Exercise
Using the entries below, write out the line with "Kix'ies Joely Fishnet", the line with "Professional office door frame", and every line in between, exactly as each is written.

(Data begins)

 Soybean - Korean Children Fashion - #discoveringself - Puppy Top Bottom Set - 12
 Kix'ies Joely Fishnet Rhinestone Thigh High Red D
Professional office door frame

(Data ends)
(Data begins)

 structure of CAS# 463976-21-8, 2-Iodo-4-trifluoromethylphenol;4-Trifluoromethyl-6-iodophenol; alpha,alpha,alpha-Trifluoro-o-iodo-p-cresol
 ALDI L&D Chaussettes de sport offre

(Data ends)
(Data begins)

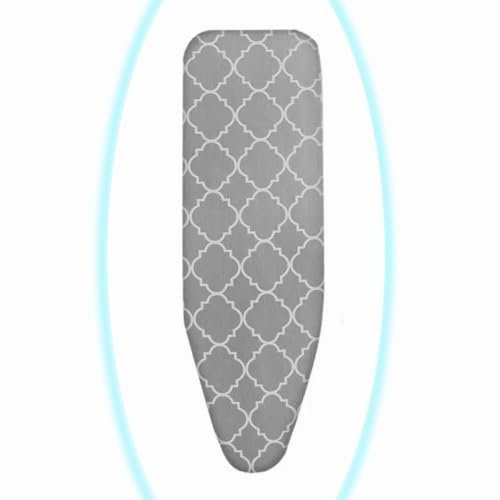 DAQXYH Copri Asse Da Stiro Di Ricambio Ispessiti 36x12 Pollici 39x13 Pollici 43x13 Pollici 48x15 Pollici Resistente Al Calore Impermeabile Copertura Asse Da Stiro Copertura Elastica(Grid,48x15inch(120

(Data ends)

Written solution
 Kix'ies Joely Fishnet Rhinestone Thigh High Red D
Professional office door frame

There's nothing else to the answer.